Cambodia's Prime Minister Hun Sen, left, walks with his Thai counterpart Yingluck Shinawatra as they attend ASEAN-UN Summit in Nusa Dua, Bali, Indonesia, file photo.
Cambodia's Prime Minister Hun Sen, left, walks with his Thai counterpart Yingluck Shinawatra as they attend ASEAN-UN Summit in Nusa Dua, Bali, Indonesia, file photo.

WASHINGTON DC - Political turmoil in Thailand, where protesters have overtaken government buildings and called for the premier there to step down, have sparked concerns in Cambodia that its diplomatic relations with its neighbor could again deteriorate.

Thai Prime Minister Yingluck Shinawatra and Cambodian Prime Minister Hun Sen enjoyed close ties after Yingluck was elected. But she is facing immense pressure from violent protests in Bangkok.

Protesters this week entered police headquarters and the Government House, after occupying other ministries, and at least three people were killed in violent clashes between factions and police last week. The demonstrations, by so-called “Yellow Shirt” opposition supporters, erupted after Yingluck approved an amnesty law that could help her brother, Thaksin Shinawatra, avoid corruption charges and return to Thailand.

“The governments of Yingluck and Thaksin are close to Hun Sen,” said Lao Mong Hay, an independent political analyst in Phnom Penh. “If the [Thai] opposition takes power, the relationship would be difficult for Hun Sen, who has directly criticized the opposition.”

Meanwhile, the Cambodian opposition is calling for its own anti-government demonstrations Dec. 10 and has called for Hun Sen to step down from a position it says has not been legitimized due to fraudulent elections in July.

“The deeds of the Thai protesters can be communicable to other countries,” Lao Mong Hay said. “Cambodia, which has a political stalemate, apparently would have organized such demonstrations.”
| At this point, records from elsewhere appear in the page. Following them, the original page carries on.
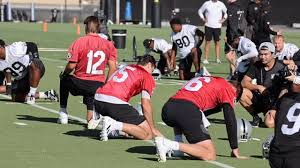 Head Coach Klint Kubiak keeping a close eye on every detail as the Raiders  put in the work on the practice field in Henderson. 🏴‍☠️ A new era is  taking shape, one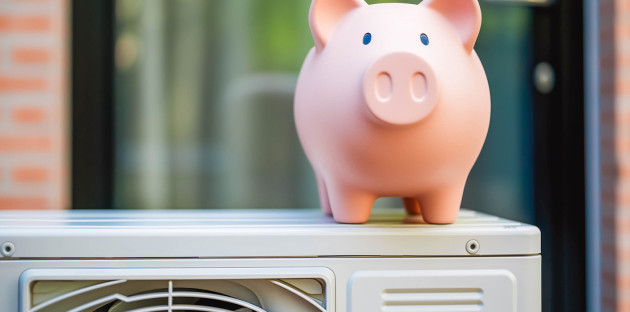 Cochon tirelire sur une unité extérieure de pompe à chaleur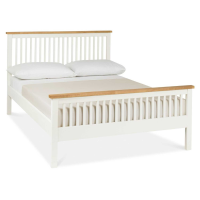 Modern 2 Tone White Painted Oak High Foot End 135cm 4ft6in Double Bed Frame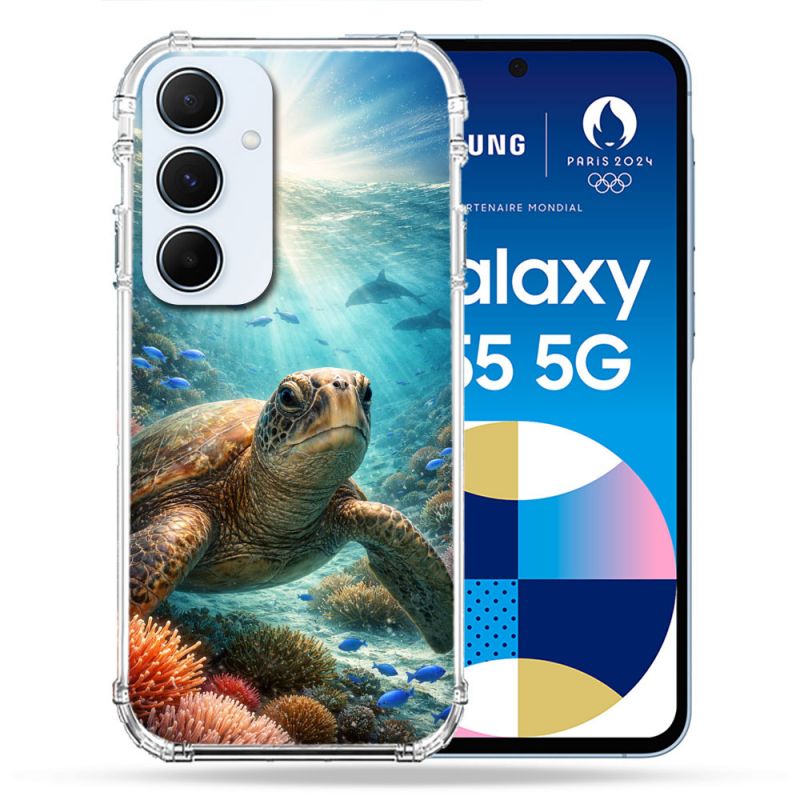 Coque Renforcée Pour Samsung Galaxy A55 5G Animal Tortue Marine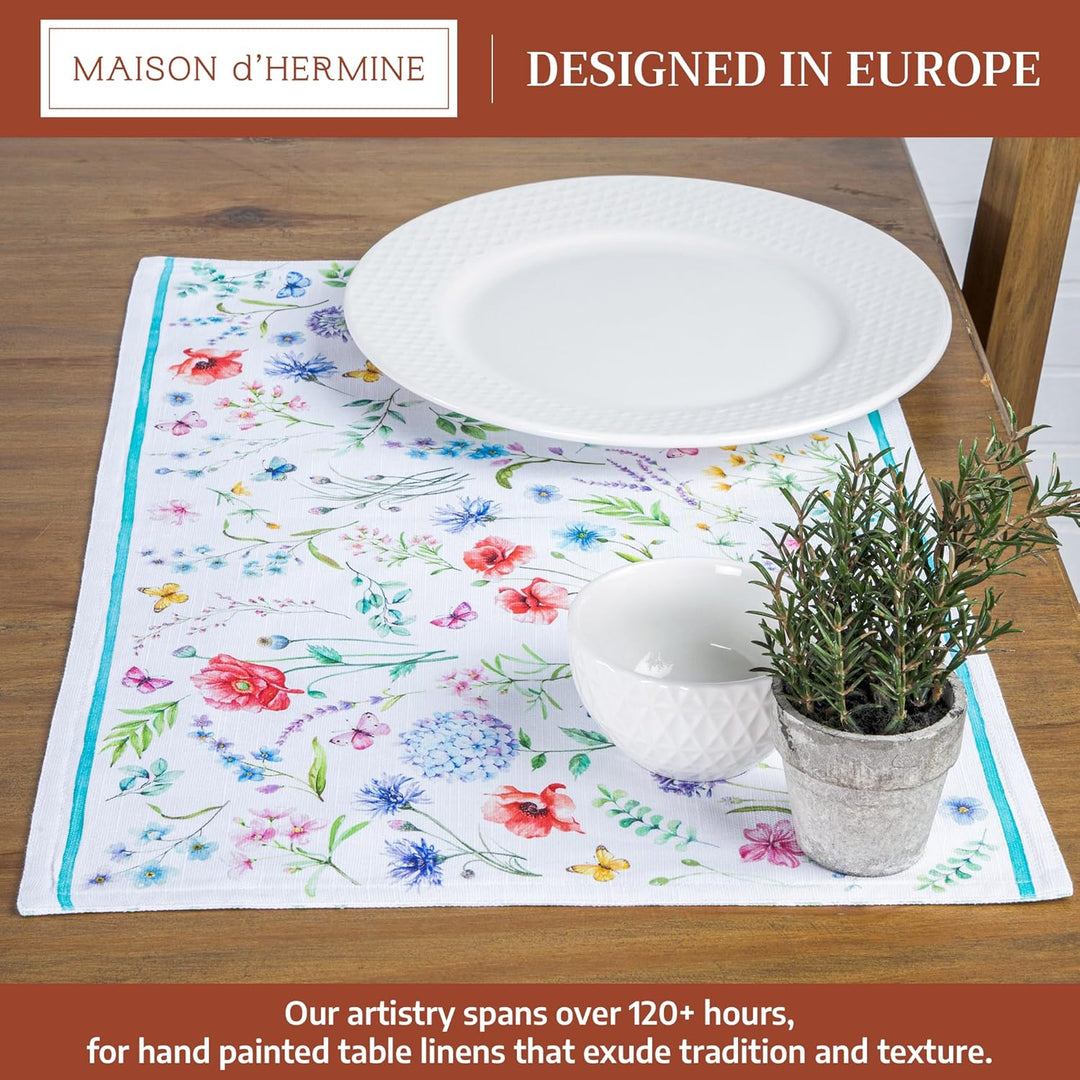 Maison d'Hermine Stoff-Tischsets, 100% Baumwolle, 4er-Set, 33 cm x 48 cm, dekorative, waschbare Tisc
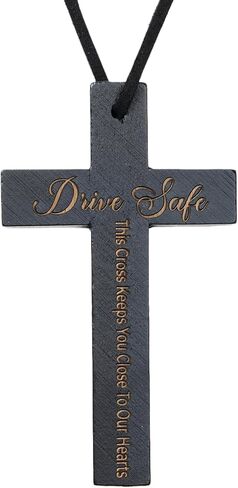 Bless This Car Solid Wood Cross Car Hanging Ornament, Rearview Mirror Charm Blessing for Safe Driving, Gift for Husband, Boyfriend or a Loved One, New Car Gift in Saudi Arabia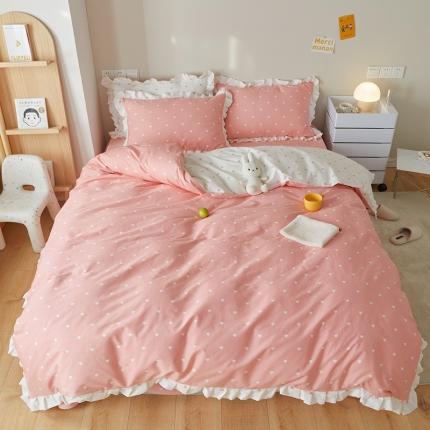 91家纺网 家纺一手货源 找家纺 沐棉家居2022年新款全棉印花13372荷叶边系列四件套直播爆款 爱心-粉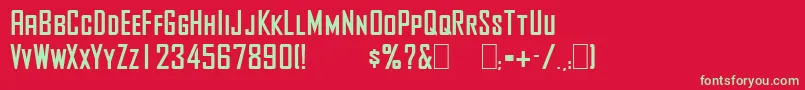 AgencyBold Font – Green Fonts on Red Background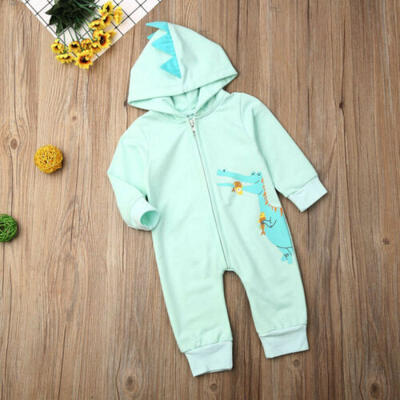 

US Infant Baby Unisex Boy Kid Cartoon 3D Dinosaur Jumpsuit Autumn Winter Clothes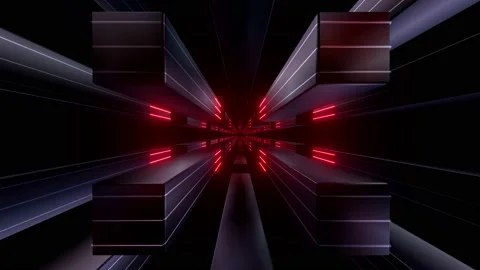 4k Red Neon Boxes Tunnel Stock Footage 220218885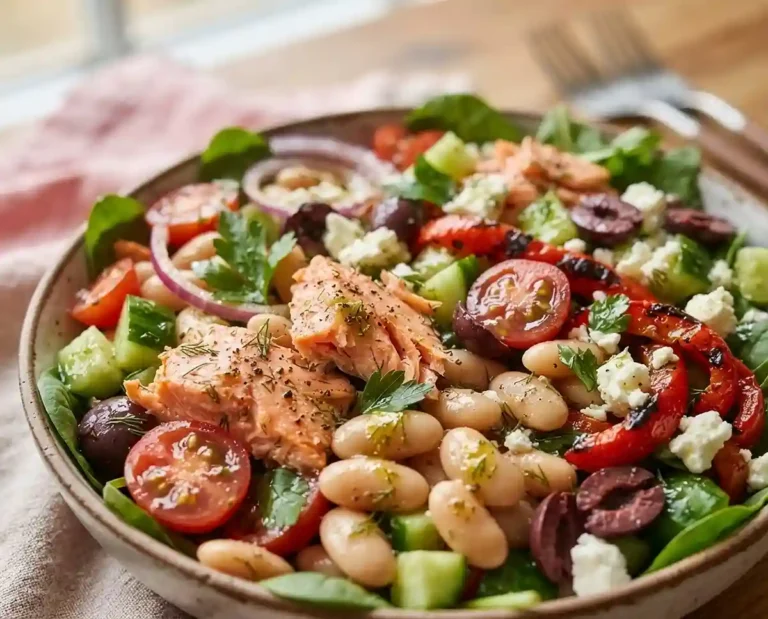 Mediterranean Salmon White Bean Salad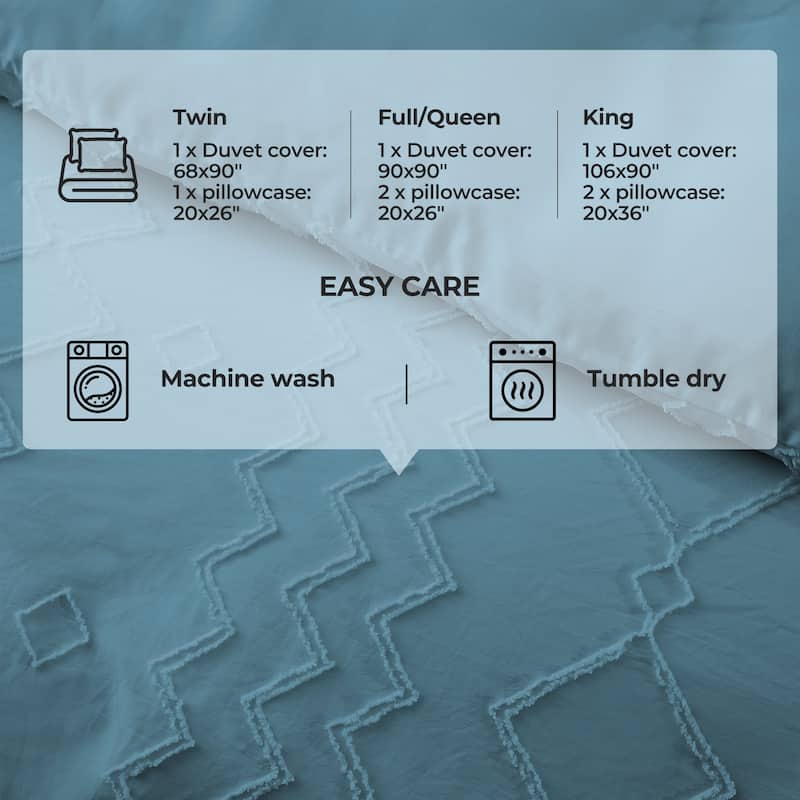 Bohemian Clipped Duvet Cover Set with Zipper Closure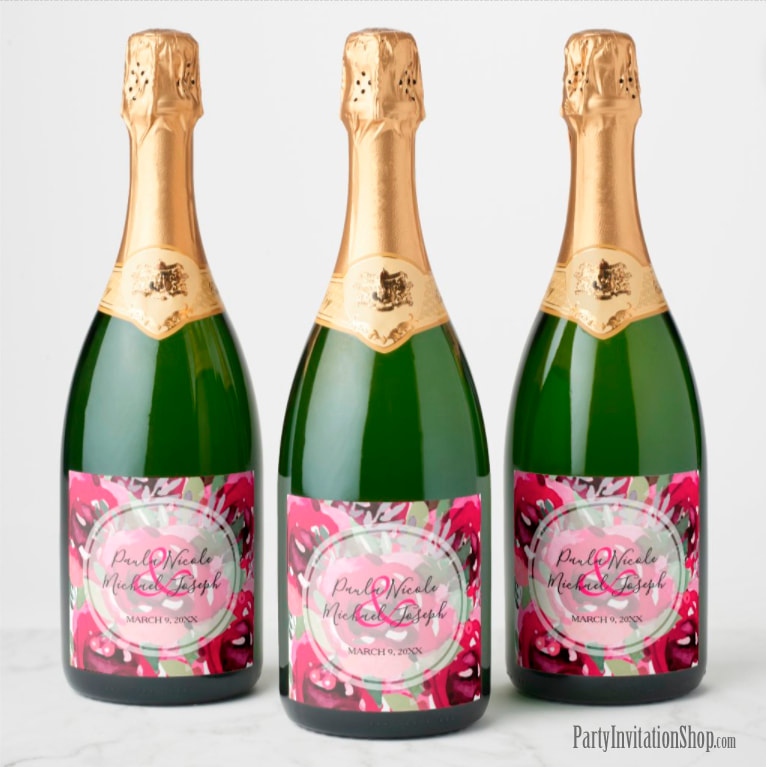 Hot Pink Watercolor Floral Wedding Champagne Labels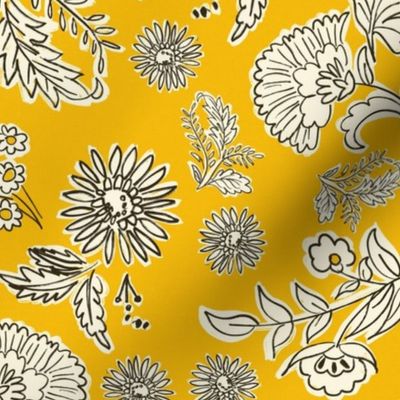 SummerLove yellow modern floral illustrated flowers hand drawn flowers boho chic modern floral artistic floral terriconraddesigns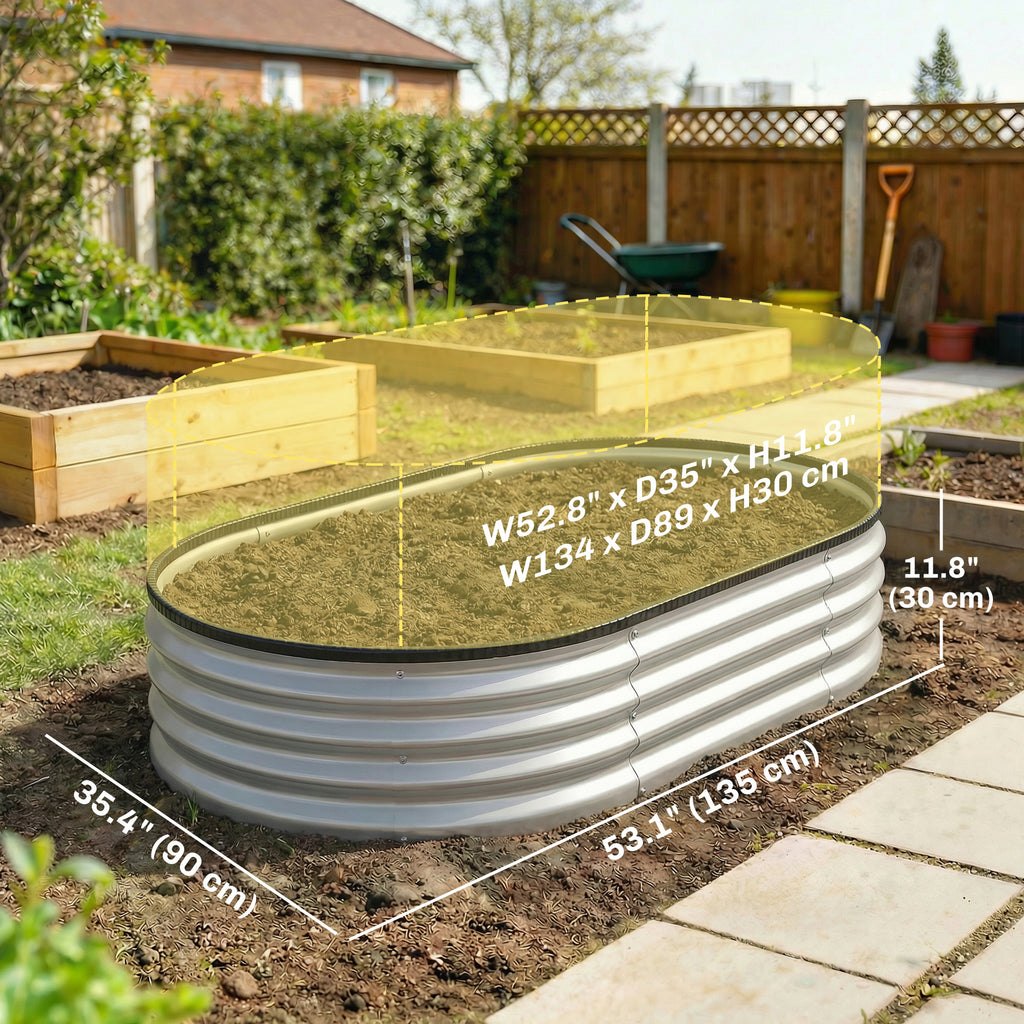 2Pcs Galvanized Raised Garden Bed, 4 x 3 x 1 ft Modular Metal Garden Beds with Rubber Strip Edging, Silver
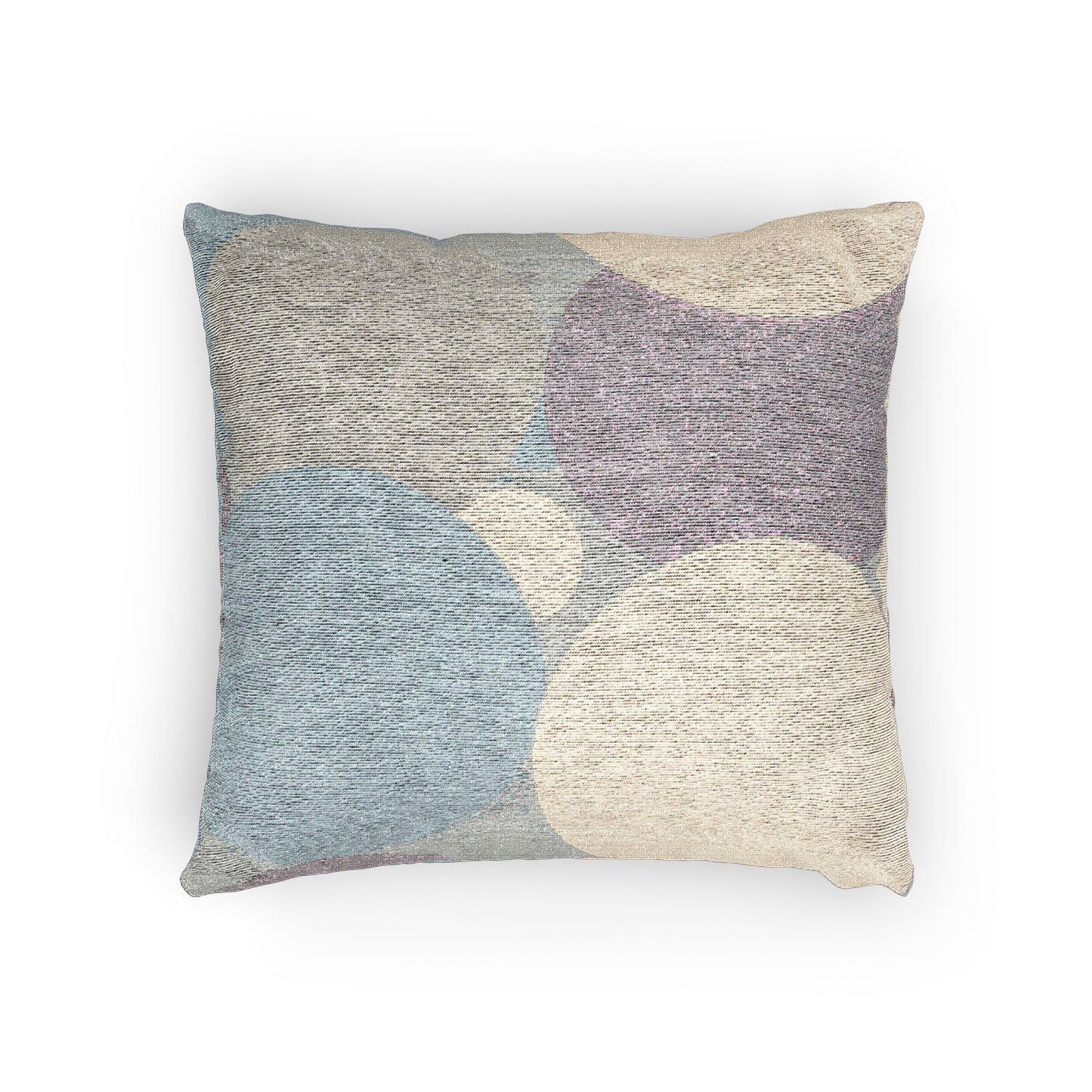 Pastel Blue and White Patches Woven Pillow, 17" x 18"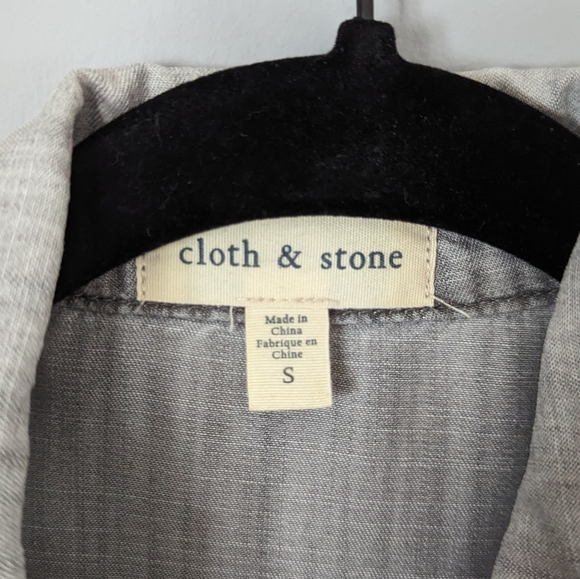 Anthropologie Grey Chambray Peplum Top - Picture 5 of 6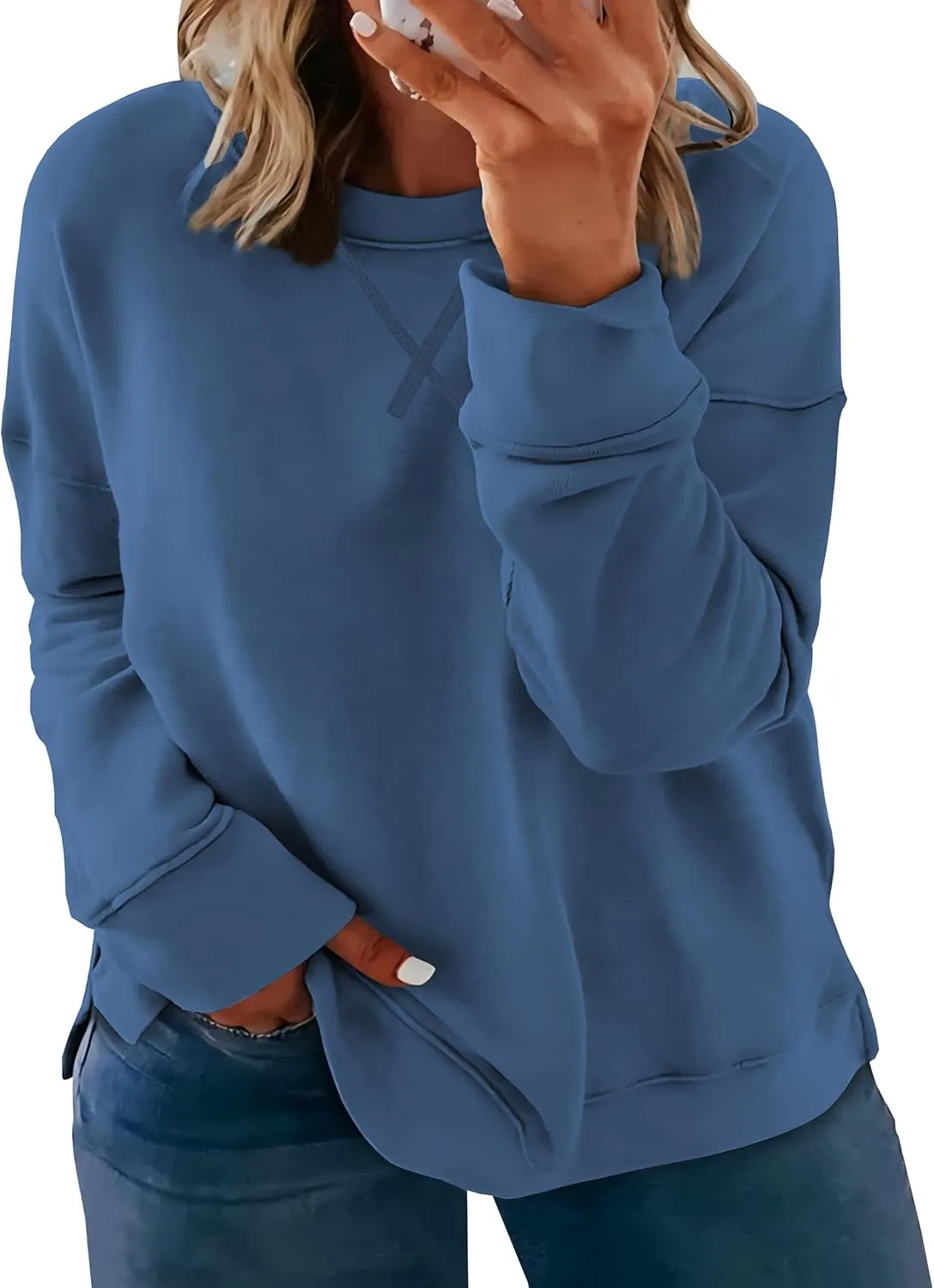 Women's Plus Size Casual Crew Neck Sweatshirt Loose Soft Long Sleeve Pullover Tops XL-5XL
Peter Tan, founder of the Boston-based Global Strategy Asia, told VOA Khmer that he would not speculate on whether the Cambodian and Thai opposition are coordinating their efforts. “But I have seen similarities,” he said.

Both opposition movements have called for their respective premiers to step down, he said.

Supporters of Yingluck’s government and that of the ruling Cambodian People’s Party “have had a long-standing relationship, a very strong relationship,” he said. “So if the opposition, the Yellow Shirts, were to overthrow Prime Minister Yingluck Shinawatra, my prediction is that the Yellow Shirts and the CPP government would probably not have the strongest, firm relationship.”

Tension between the Yellow Shirt opposition and Cambodia’s ruling government was most evident in a border dispute over land near Preah Vihear temple, a nationalistic flashpoint for both sides that began in 2008 and turned into a protracted military standoff.

Cambodia’s opposition leader, Sam Rainsy, who himself has called for Hun Sen to step down, had reportedly close ties to the former Yellow Shirt government of then-premier Abhisit Vejjajiva.

However, Sok Touch, dean of Khemarak University in Phnom Penh, told VOA Khmer that any Thai government is likely to keep ties with Cambodia, which is a major market for Thai goods.

“If Thailand does not try to have a good relationship with Cambodia, this market will be grabbed by Vietnam and China,” he said.

Cambodian Information Minister Khieu Kanharith told reporters Tuesday that the Cambodian government is closely watching the events in Thailand, and he warned local media not to create further trouble within Thai politics in their reports.